Plot spoiler: Cutshall did it. In the first four months, riding lots and eating little, 50 pounds fell off. Two months later, another 20 pounds. He could use the scale in the bathroom again.

In May 2006 the dial spun to 413 pounds. More than 75 pounds of girth had gone away. “I was just shrinking,” he said.

In 2004 Cutshall went outdoors only four times, sequestered in a brownstone apartment, out of touch with the world. Now he was riding more than 100 miles a week, wind on his face, world whizzing by.

Every day was 20 or 30 miles of pedaling. Plus one more mile after he got home. “I get home, I turn around and I ride one more mile,” he said. “This is to prove I can do it.”

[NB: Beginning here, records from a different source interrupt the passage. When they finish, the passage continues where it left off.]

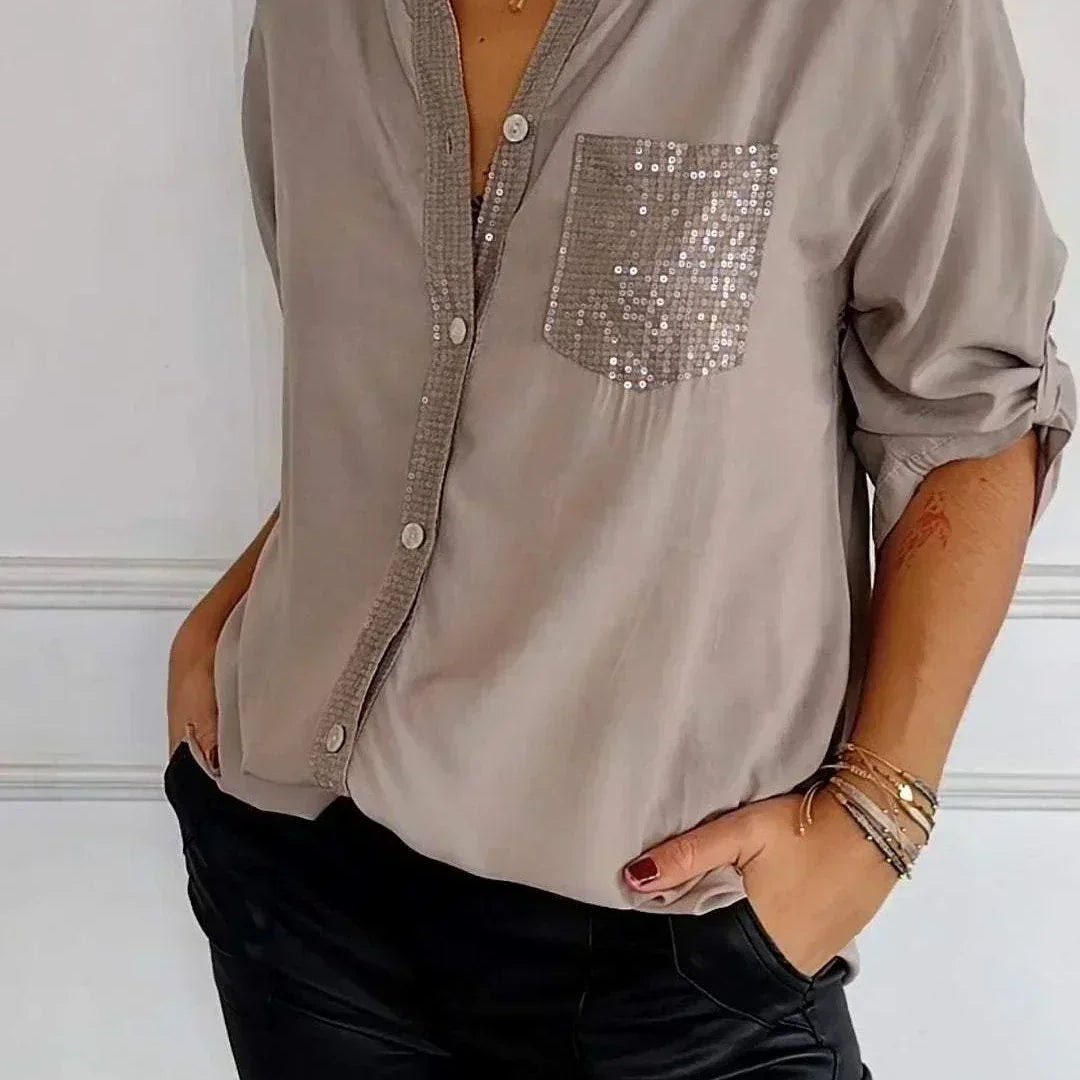 Jasmine | T-shirt élégant à col en V avec des sequins scintillants pour femmes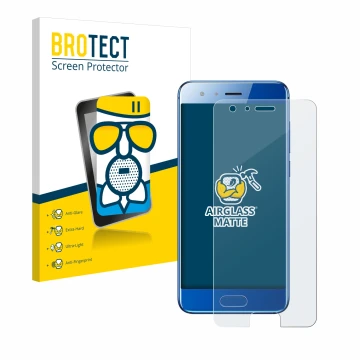 Front side of a product packaging with the brand logo BROTECT. Next to it is the device Honor 9 shown with the corresponding s
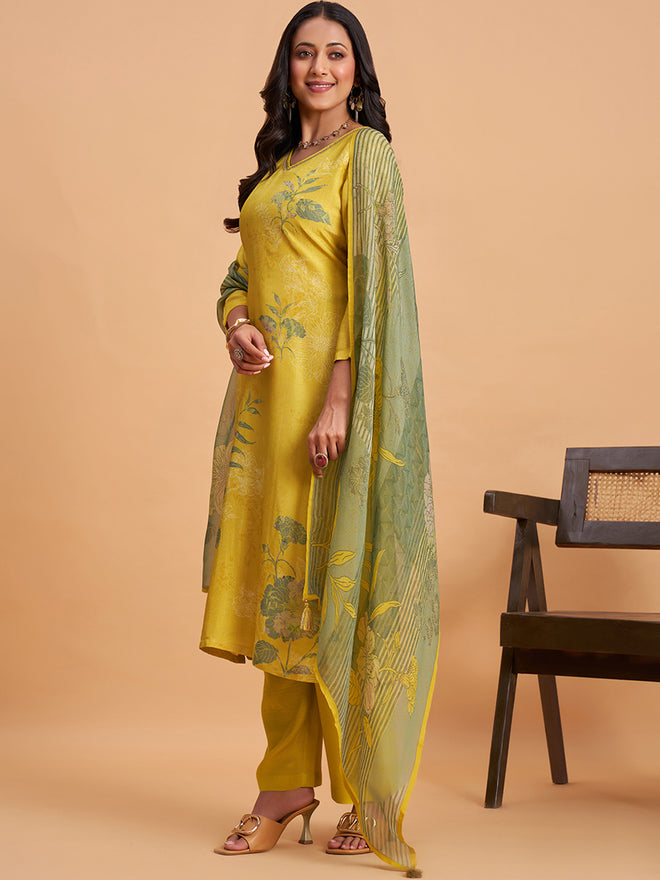 Women's Yellow Silk Blend Embellished Kurta With Trouser And Dupatta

He made plans to get off the East Coast, to leave the old life behind. The chrysalis was cracking. By fall 2006 — thousands of miles now put on the pedals — Cutshall weighed in at 350 pounds. A new person was emerging from a shell.

A bike was saving his life, he said. And the person who built that bike, Bob Brown of Bob Brown Cycles LLC, lived in Minneapolis. “Other frame builders turned me down, even laughed at me,” Cutshall said. “But Bob embraced the project.”

Knowing no one other than Brown, the Cutshalls — Scott, his wife, Amy, and 8-year-old Chloe — moved halfway across the country last June.

“We wanted to go somewhere to embrace the cycling lifestyle,” said Cutshall, who first considered Portland, Ore., before Brown and other local cyclists persuaded the family in Internet discussions that Minneapolis — the nation’s No. 2 cycling city, according to the U.S. Census Bureau — was the best choice.

They sent a deposit for an apartment and made the move, sight unseen. Amy, a nurse, got a job in St. Paul. Scott home-schooled Chloe from their new apartment. They now live in Minneapolis’ Seward neighborhood, bike lanes and parkway trails streaming to all compass points right out the front door.

The family owns a car, but Cutshall said 99 percent of errands are done on two wheels, pannier packs and a trailer hauling groceries home from the store. Chloe rides on a tag-along bike attachment, her own handlebar, saddle, pedals and a wheel connected to dad’s frame.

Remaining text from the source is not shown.